INSTRUCTIONS FOR THE TASK -> When the string "Stock" occurs in a line of the records, show that line.

RECORDS FOR THIS TASK ->
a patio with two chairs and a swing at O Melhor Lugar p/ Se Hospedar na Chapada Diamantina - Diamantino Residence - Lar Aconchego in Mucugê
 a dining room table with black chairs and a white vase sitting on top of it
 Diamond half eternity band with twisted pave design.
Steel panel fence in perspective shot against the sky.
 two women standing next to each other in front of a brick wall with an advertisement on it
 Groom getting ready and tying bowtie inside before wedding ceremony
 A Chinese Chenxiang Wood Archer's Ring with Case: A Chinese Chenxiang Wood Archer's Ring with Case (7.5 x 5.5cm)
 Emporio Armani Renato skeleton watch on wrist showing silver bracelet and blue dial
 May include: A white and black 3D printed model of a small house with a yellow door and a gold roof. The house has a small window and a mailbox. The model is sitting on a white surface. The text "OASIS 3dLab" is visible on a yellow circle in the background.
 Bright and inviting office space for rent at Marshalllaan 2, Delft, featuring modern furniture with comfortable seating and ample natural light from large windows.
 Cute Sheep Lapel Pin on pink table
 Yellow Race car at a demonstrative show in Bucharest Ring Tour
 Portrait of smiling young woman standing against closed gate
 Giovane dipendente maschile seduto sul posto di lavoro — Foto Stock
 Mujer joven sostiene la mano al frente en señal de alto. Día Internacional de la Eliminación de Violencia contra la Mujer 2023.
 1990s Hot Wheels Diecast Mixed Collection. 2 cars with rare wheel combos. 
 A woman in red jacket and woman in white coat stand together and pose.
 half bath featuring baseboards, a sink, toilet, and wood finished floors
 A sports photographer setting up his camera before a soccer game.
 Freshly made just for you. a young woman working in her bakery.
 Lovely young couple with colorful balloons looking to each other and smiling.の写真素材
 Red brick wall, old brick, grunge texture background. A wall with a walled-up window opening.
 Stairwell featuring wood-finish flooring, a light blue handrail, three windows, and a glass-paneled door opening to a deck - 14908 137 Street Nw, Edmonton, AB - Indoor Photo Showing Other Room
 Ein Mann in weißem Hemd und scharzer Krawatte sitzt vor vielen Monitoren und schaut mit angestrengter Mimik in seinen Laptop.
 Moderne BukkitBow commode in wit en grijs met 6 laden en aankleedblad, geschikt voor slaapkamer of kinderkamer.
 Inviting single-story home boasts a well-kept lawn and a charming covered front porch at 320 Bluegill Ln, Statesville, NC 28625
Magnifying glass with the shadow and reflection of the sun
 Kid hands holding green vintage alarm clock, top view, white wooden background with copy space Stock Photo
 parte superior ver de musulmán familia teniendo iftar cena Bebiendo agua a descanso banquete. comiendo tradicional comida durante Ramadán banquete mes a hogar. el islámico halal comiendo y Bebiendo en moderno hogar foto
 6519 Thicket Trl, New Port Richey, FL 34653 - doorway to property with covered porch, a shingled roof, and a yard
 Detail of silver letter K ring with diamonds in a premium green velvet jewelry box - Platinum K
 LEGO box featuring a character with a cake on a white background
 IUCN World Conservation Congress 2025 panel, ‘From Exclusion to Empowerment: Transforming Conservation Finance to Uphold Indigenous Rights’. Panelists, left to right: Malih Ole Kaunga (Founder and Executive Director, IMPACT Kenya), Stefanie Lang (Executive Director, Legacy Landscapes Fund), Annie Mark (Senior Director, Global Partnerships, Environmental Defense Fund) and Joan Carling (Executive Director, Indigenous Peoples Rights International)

COMPLETED TASK ->
 Giovane dipendente maschile seduto sul posto di lavoro — Foto Stock
 Kid hands holding green vintage alarm clock, top view, white wooden background with copy space Stock Photo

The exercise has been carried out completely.